Of course, after all this talk about my dissertation, that I’d mention something about Flannery O’Connor, other than her chili recipe.
So, here’s what I found out in my research on her:
1) She never married because the guys she grew up with were too damn intimidated by her being smart and not pretending she wasn’t and the few guys she did fall in love with decided she was more “a friend” than anything else. What with being diagnosed with lupus at age 25 (which is hereditary and killed her father), she realized that a) it would be unjust to be a wife and mother, only to leave husband widowed and child motherless, and b) with a death sentence over her head, she dedicated her few years to the writer’s life, to get those stories out there before the lupus takes her (which it did, at age 39).
2) The best friend in the world was the one person who fell in love with her… but, since O’Connor was straight (and the friend was as lesbian as one could get), that friendship remained *only* a friendship.

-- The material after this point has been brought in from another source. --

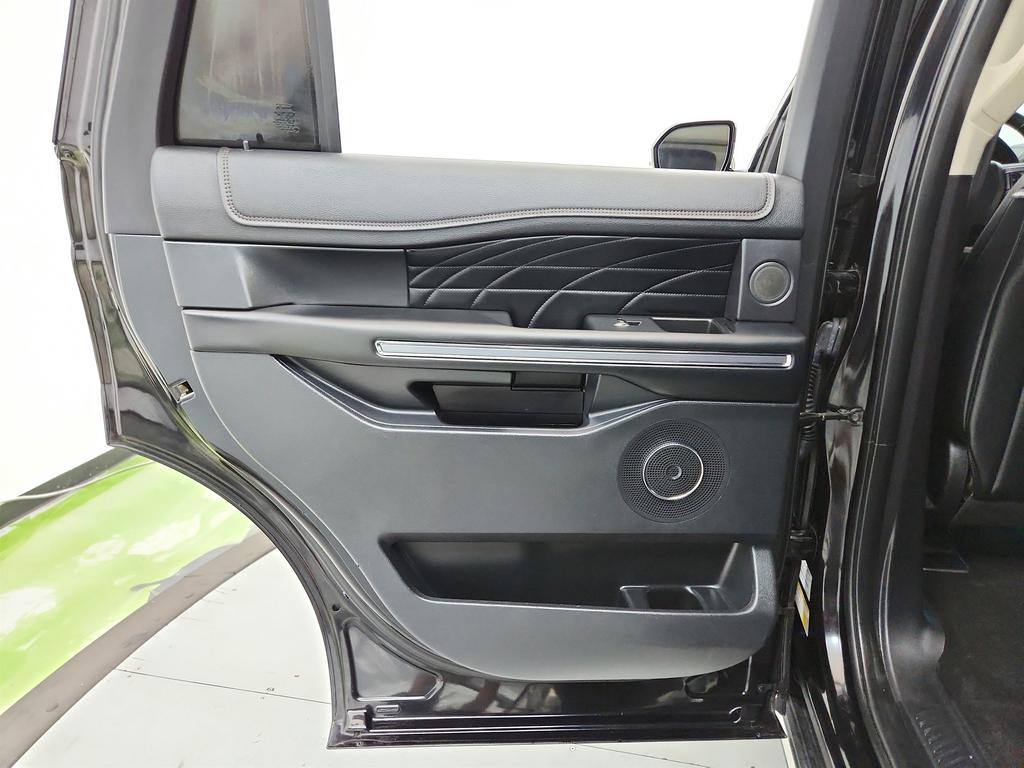 2019 Ford Expedition - $24,850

3) The story “The Artificial Nigger” *is* O’Connor’s version of the Divine Comedy, including a Beatrice (except that Beatrice is a big black woman who most likely is a prostitute) and a vision of God the Son (except that God the Son is a Negro lawn ornament, found in certain conservative — read *bigoted* — Southern towns). And Vergil and Dante are conflated into one person, but split between two people: Vergil/Dante the Older — Mr. Head — and Vergil/Dante the Younger — the grandson Nelson.
4) The story “A View of the Woods” is beautifully explained as the difference between Lockean version of property and Thomistic version of property (not my idea — I read it in an article by John Roos — really good article, definitely in my dissertation research).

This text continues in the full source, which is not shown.